Full-remote learning remains an option.
Phase I review checkpoints will be established approximately every two weeks to analyze implementation results and determine necessary adjustments.
About a dozen people — teachers and parents — attended the Sept. 28 meeting held in the Massac County High School library.
“The parents there were interested in getting our kids back in school, just like all of our board members,” said Superintendent Jason Hayes.
Thorough Monday’s vote, “We’ve expanded in-person learning, but not to the extent some wanted,” he said.
Combining the A/B schedule of in-person learners won’t be without its hiccups. Teachers are spending this week getting those students “on the same page so they’re ready to come together on Monday,” Hayes said.
His biggest concern is spacing. Due to class sizes — in student numbers and building layout — in many cases, maintaining 6-feet is not an option, which is one reason for early dismissal.
“There will not be social distancing at all times; it will not be possible at all times. We’ll still do what we can, but there will be classrooms where we cannot social distance,” Hayes emphasized. “We are still going to wear masks. We have to really watch how we handle this moving forward. We still have some roadblocks.”
Phase I will begin for an initial two-week trial Oct. 5-16, which includes a five-day mini-fall break Oct. 8-12 — Thursday is parent/teacher conference; Friday is no school; and Monday, Oct. 12, is the Columbus Day holiday. Students return Tuesday, Oct. 13, for another three days as Friday is still reserved for remote learners.
“That will give us time to work out the kinks,” said Hayes, who plans to meet weekly with school administration to review and monitor the situation. “If we continue to work on social distancing as we can, we may be able to pull this thing off for a little while. But if we’re not careful, this could be a super exposure situation.”

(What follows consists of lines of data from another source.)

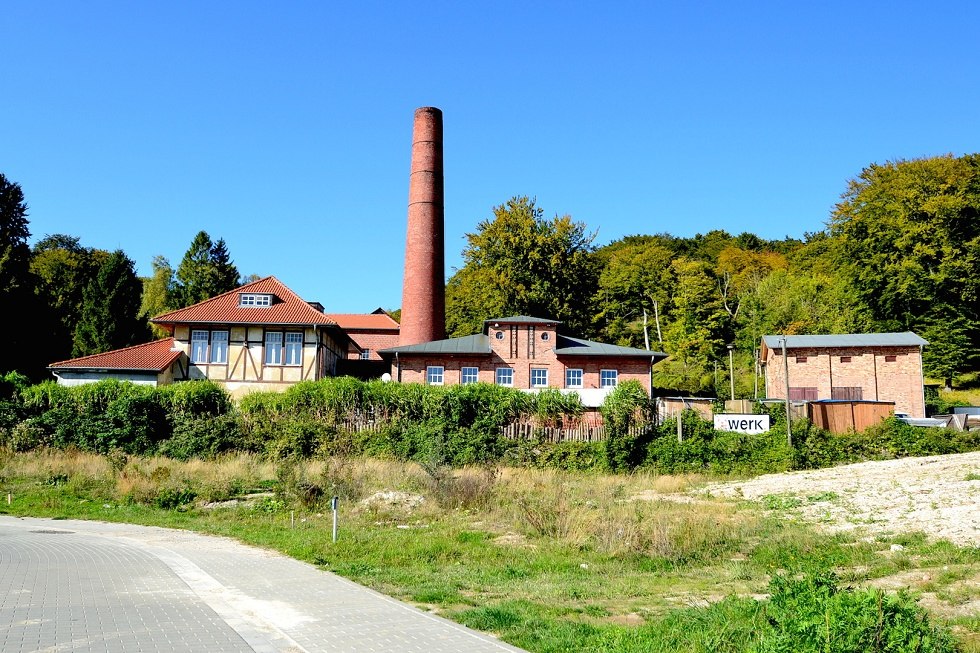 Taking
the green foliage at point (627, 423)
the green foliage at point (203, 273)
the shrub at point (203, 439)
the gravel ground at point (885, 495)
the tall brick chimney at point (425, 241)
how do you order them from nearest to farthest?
the gravel ground at point (885, 495) < the green foliage at point (627, 423) < the shrub at point (203, 439) < the tall brick chimney at point (425, 241) < the green foliage at point (203, 273)

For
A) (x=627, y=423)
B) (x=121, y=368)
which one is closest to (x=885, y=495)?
(x=627, y=423)

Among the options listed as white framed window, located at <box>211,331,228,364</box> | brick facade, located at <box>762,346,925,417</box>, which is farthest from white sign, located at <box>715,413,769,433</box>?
white framed window, located at <box>211,331,228,364</box>

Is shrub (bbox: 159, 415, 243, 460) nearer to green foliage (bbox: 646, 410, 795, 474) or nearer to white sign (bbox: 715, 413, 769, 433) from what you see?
green foliage (bbox: 646, 410, 795, 474)

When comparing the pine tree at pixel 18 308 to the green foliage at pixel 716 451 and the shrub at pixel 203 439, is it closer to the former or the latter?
the shrub at pixel 203 439

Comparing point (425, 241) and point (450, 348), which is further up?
point (425, 241)

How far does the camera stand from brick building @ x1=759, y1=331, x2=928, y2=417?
3822 centimetres

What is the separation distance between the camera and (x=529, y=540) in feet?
49.8

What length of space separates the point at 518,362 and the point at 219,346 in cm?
1440

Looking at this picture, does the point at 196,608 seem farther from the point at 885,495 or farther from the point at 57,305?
the point at 57,305

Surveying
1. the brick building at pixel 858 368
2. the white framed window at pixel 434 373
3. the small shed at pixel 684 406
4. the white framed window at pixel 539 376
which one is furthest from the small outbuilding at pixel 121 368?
the brick building at pixel 858 368

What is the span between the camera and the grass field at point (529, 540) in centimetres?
884

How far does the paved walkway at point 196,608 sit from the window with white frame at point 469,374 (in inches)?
908

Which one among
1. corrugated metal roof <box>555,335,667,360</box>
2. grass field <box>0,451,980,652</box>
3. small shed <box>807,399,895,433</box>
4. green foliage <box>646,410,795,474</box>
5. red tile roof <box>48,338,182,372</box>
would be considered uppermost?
corrugated metal roof <box>555,335,667,360</box>

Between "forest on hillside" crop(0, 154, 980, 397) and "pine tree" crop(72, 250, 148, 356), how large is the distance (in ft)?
0.27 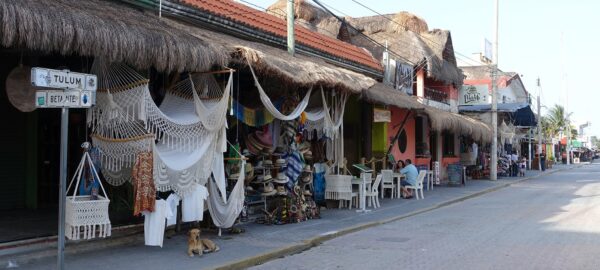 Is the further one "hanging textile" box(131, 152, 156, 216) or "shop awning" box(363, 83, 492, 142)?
"shop awning" box(363, 83, 492, 142)

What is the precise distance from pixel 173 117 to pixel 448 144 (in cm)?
2196

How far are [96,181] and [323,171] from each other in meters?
7.36

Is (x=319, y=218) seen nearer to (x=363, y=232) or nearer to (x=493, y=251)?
(x=363, y=232)

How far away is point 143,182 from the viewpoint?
28.2ft

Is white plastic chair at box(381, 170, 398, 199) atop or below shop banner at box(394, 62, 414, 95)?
below

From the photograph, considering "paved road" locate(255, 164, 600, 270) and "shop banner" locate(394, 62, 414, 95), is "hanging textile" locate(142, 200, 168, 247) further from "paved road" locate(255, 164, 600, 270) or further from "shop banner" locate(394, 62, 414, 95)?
"shop banner" locate(394, 62, 414, 95)

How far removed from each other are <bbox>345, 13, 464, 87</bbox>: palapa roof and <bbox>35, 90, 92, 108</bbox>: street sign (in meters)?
18.8

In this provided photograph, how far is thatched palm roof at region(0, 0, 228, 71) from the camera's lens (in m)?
6.82

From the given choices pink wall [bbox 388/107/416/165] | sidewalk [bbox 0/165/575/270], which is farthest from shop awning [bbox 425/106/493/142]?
sidewalk [bbox 0/165/575/270]

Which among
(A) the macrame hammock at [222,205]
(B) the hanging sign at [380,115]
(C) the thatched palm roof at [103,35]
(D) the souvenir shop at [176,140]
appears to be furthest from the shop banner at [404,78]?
(C) the thatched palm roof at [103,35]

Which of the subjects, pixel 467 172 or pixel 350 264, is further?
pixel 467 172

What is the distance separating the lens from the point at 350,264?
27.8 feet

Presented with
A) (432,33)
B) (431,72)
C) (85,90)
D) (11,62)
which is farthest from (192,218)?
(432,33)

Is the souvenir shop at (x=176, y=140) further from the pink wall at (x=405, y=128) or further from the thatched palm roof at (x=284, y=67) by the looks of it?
the pink wall at (x=405, y=128) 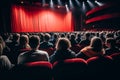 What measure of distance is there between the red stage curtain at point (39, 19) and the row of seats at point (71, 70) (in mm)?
17905

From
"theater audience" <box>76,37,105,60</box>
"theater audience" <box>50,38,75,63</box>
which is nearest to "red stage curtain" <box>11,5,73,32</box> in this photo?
"theater audience" <box>76,37,105,60</box>

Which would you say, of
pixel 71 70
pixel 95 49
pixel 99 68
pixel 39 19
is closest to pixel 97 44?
pixel 95 49

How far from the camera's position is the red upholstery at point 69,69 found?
7.75 ft

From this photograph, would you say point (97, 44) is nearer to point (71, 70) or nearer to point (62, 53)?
point (62, 53)

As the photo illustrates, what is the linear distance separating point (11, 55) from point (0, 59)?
5.12ft

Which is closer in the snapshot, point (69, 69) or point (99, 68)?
point (69, 69)

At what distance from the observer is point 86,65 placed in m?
2.43

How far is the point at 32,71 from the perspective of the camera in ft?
7.31

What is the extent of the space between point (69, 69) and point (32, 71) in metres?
0.48

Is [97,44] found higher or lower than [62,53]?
higher

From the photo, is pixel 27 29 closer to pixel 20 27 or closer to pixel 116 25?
pixel 20 27

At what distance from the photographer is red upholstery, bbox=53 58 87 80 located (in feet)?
7.75

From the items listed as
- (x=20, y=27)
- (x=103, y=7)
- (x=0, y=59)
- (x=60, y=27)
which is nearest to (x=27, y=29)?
(x=20, y=27)

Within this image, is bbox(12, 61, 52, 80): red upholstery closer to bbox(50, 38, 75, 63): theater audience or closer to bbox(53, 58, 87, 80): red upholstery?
bbox(53, 58, 87, 80): red upholstery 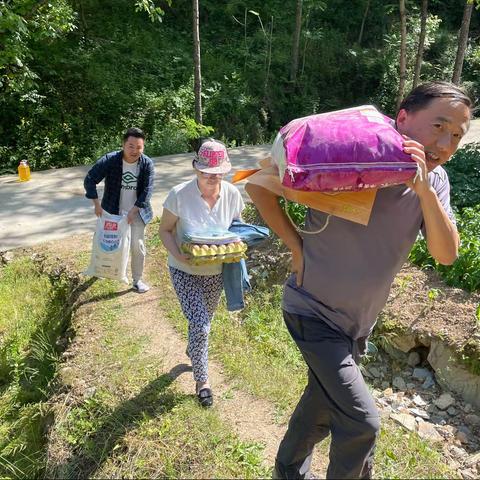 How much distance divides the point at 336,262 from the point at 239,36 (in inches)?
709

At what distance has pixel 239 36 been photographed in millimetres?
18969

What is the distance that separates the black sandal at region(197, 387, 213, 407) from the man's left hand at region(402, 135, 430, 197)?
7.37 feet

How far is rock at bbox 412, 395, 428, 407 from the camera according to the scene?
16.0 feet

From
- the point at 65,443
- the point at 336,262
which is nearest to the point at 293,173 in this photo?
the point at 336,262

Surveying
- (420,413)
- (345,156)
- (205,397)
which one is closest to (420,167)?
(345,156)

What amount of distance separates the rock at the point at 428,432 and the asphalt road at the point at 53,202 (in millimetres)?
4819

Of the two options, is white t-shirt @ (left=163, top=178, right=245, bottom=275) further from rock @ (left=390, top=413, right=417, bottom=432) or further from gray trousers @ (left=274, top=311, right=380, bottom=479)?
rock @ (left=390, top=413, right=417, bottom=432)

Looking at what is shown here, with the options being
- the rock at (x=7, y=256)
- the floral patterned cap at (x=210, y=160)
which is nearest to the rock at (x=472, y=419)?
the floral patterned cap at (x=210, y=160)

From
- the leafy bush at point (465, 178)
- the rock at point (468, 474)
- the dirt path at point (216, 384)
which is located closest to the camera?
the dirt path at point (216, 384)

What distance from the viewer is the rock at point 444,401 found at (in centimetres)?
483

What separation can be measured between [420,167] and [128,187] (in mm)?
3665

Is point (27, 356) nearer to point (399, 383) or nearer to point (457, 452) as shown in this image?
point (399, 383)

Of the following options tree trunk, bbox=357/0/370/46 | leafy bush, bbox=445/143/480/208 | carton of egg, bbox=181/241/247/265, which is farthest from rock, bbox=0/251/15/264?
tree trunk, bbox=357/0/370/46

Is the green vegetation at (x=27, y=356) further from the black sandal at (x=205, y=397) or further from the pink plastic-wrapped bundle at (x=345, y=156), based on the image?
the pink plastic-wrapped bundle at (x=345, y=156)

Hayes noted the 35-member transition team looked at several factors during its Sept. 25 meeting in making a recommendation to the school board. A survey of parents early that week showed the majority of parents are ready for students to return to school. Hayes commended the parental response to the poll, which generated 1064 responses representing the equivalent of 1500 Unit 1 students — that’s an 80% response the expected parent population rate. Of those responding, 30% “are still very, very concerned about COVID. About 30% of our kids are on full-remote overall. Most of those have special medical situations.”
But most concerning are other numbers. At Monday’s meeting, the board looked at F ratios and%s of F at mid-terms compared to last year — they’ve increased 200 to 400%.
“There are a lot of kids not making the normal achievement levels. It’s not the students’ fault, the teachers’ fault, the parents’ fault; it’s just the schedule that we’re trying to make work isn’t working,” Hayes said. “If you’re going to fail 30 to 40% of your students, what’s the point? Failing means they’re not learning the material. We’re not able to teach it. We’ve got to try to do something different.
“I’m sure there are people frustrated thinking the teachers haven’t done enough. But I’ve seen with my own eyes — teachers are working harder than they ever have before. This current schedule and setup doesn’t lend itself to learning,” he continued. “I think some of them will be relieved if we can get some kids in front of them, even if it’s for a shorter amount of time. Kids being in front of teachers is the one thing we took away from them in this schedule. I really think that’s a critical attribute in this learning process.”